# Groundhog Max ATV Plow?



## raedawg (Jun 15, 2014)

Has anyone tried this implement and what are your thoughts?


----------



## Crakajak (Jun 17, 2014)

I don't own one myself, but several members say they do a good job for them.


----------



## Arrow3 (Jun 17, 2014)

I have one....Love it!! It works just as good as advertised !!


----------



## Jeff Phillips (Jun 17, 2014)

Mine is probably 9 years old now and gets some work every year. No problems after I got the mounts on correctly.

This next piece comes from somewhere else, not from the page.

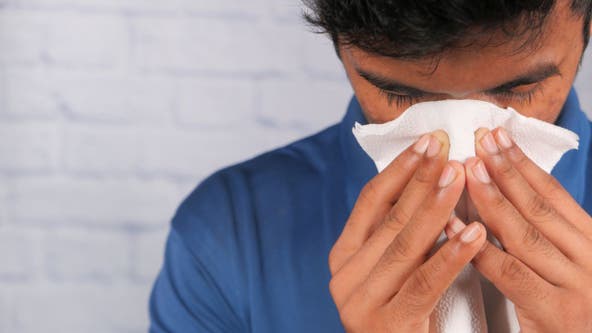 If the pollen has you sniffling and sneezing, try these tips from an allergist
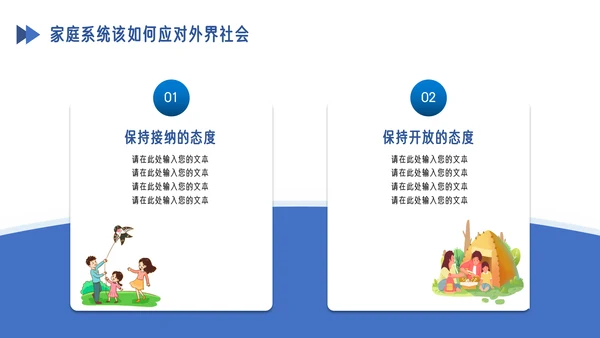 家庭教育亲子沟通成长课件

Thinking about getting the new discs they sell now.


----------



## Kevinpmac (Jul 18, 2014)

Have used mine for two years behind my 700 Grizzly. Bought it after seeing how well it worked on a club member's food plots. I can attest it is a serious and durable piece of equipment. 
Tips: 
1) Carry a piece of 4x4 wide enough to drive up on with your back tires before setting the depth for less effort and better results.
2) Hose it off thoroughly and allow to dry before spraying down with WD40, etc to keep it in top shape. Doing this will insure years of trouble free use.


----------



## Twiggbuster (Jul 18, 2014)

Guy in our club was burning up some neglected food plots with his
Narrow but speeding around on a atv is quick and fun


----------